Growing Your Business by Building 'Network' Relationships
By Allan Pulga
Consider this scenario. A customer walks into your store.
You have two options:
1. Sell the customer a phone.
2. Sell the customer a phone and find out about him/her: the customer’s family, his/her job. Expand your business to sell phones to his family, his friends, and his co-workers.
As today’s cellular market nears saturation, you must find creative ways to do the latter: Grow your sales beyond the customer walking into your store. One way of doing that is by tapping into that customer’s social network.

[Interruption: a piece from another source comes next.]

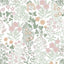 Papel tapiz autoadhesivo floral 17.3x393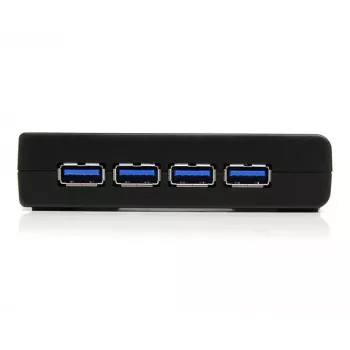 StarTech.com 4 portu melns SuperSpeed USB 3.0 centrmezgls, USB 3.2 Gen 1 (3.1 Gen 1) Type-A, 5000 Mbit/s, melns, barošana, 5 V, 2 A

Everybody has relationships. The customer who walked into your store likely has a significant other, or a spouse and kids who want wireless products too. This customer has a mother and a father, siblings, friends and co-workers that could become your customers.
But expanding your business into the customer’s network is easier said than done; it involves making an outstanding impression and carefully obtaining his/her personal information. Nobody would willingly divulge their personal and professional relationships without having good reason to do so. In order to obtain the associative information you want, you need a plan.
- Slyly get their information.
“Ever go into a restaurant and see that giant fish bowl begging for your business card to ‘Win a free lunch!’?” asks Al Lautenslager**, author of Guerilla Marketing in 30 Days and marketing coach at Entrepreneur.com. “If the restaurant is smart, they’ll take all the entrants, log them into a prospect database, and continue to market to them over and over.
“The real activity here is getting prospects that are interested in further conversation with you that’ll lead to purchases,” he adds.
- Offer them an incentive to share the information you need.
In sales, personal information is privileged. You need to give the customer something in exchange for that information. Customers can tell if you’re trying to get something out of them, so taking the right approach is important.
For example, when closing the sale at the till, instead of plainly asking, “What is your place of work?” lead into the question by showing the customer what he/she stands to gain: “We are having a promotion where we can offer you a 10 percent discount on this phone upgrade if you refer one of your co-workers to buy a phone upgrade from us.” Now you have the customer’s attention. Then ask, “May I ask you your place of work?”
- Actively pursue referrals.
“The biggest favor a customer can do for you (besides buy from you) is refer another paying customer to you,” says Lautenslager.
He encourages salespeople to take the initiative to ask for referrals, especially at the peak of a customer’s enthusiasm for the sale.
“You can’t ask a customer to think about everyone in the world that they might know. Ask them to narrow their universe when asking for referrals,” he says. For example, ask “Which of the people you play softball with would be interested in the same deal you’re getting?” And as with information, reward and provide incentives for referrals.
“My wife was ecstatic the other day when she received two tickets to the movies from her dentist for referring one of our neighbors to him,” notes Lautenslager. “Her immediate reaction was, ‘Who else can I refer to get more movie tickets?’ Rewarded behavior gets repeated.”
- Family plans sell.
Two in five (41 percent) U.S. adult mobile phone users currently have a family plan, and 97 per cent of these consumers say they never had a family member leave their plan, according to a recent survey by Harris Interactive research firm.
Harris Interactive predicts even more cellular subscribers will sign up for family plans, as 33 per cent of those not currently on a family plan say they will consider one when their contract expires.
“Wireless consumers clearly love family plans because they deliver great value,” says Joe Porus, vice-president and chief architect of Technology Research Practice at Harris Interactive.
- Be equipped with a method and mechanisms to quickly collect the information you need.
Nothing will discourage customers from divulging personal information than a long and tedious process. Make sure that your salespeople are trained to obtain the information politely and efficiently, using a step-by-step CRM system that is prompted at the point of sale.
The quicker you can enter a customer’s information into the system, the more convenient the process feels to him/her. And the easier it is for your salespeople to ask the right questions to find out what connections can be made – connections that lead to more sales and higher profits.